Subject: Spiderlings…hatching? Or a communal web???
Location: Montrose, CO
June 16, 2016 10:58 pm
I’m a longtime fan of the site, though I haven’t had much cause to send any id requests in between your wonderful archives and my trusty field guide. But this one was both interesting and perplexing: while visiting family in western Colorado, I walked out the front door and spotted what looked like a lot of large grains of sand caught on a small three-dimensional web spreading from the front step to the post of the railing (perhaps 10 cm long and the same height). When I looked closer, I saw that the “grains” were hundreds of little yellow balls about 1-2 mm in diameter, stuck all over the cobweb structure, with here and there a few very tiny yellow spiders moving around. In the 30 seconds it took to get my camera, ALL of the “grains” had turned to the same spiders–hundreds of them!
The only explanation I can think of is that the balls were eggs and the spiders were hatching from them en masse (though they had all hatched by the time I got the camera), but I’ve never heard of a spider laying eggs all over a web like that rather than making an egg sac. Any ideas?

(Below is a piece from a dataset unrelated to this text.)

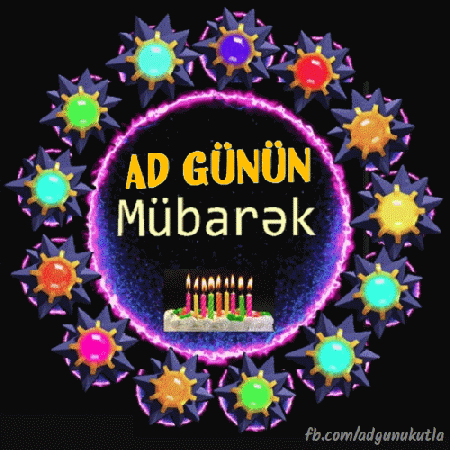 Ad Gunu Kart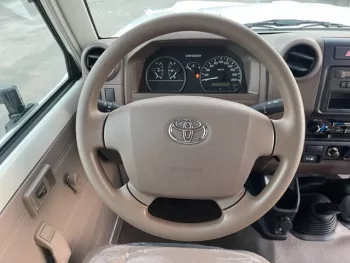 TOYOTA LC HARD TOP 4.5L 78 SUV 2022 3 DOORS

We believe these are hatchling Orbweaver Spiderlings, and that they have just emerged from a traditional egg sac like you have described. Even immediately upon hatching, Spiderlings are able to spin silk, so what you witnessed can be described as a communal web, though not a web in the traditional sense. Orbweavers disperse using a technique known as Ballooning. The spiderling releases a strand of silk that catches the wind and transports the individual to a new location far from its siblings that would compete for food as well as pose the potential threat of cannibalism. We believe the Spiderlings in your image are just waiting to catch the breeze.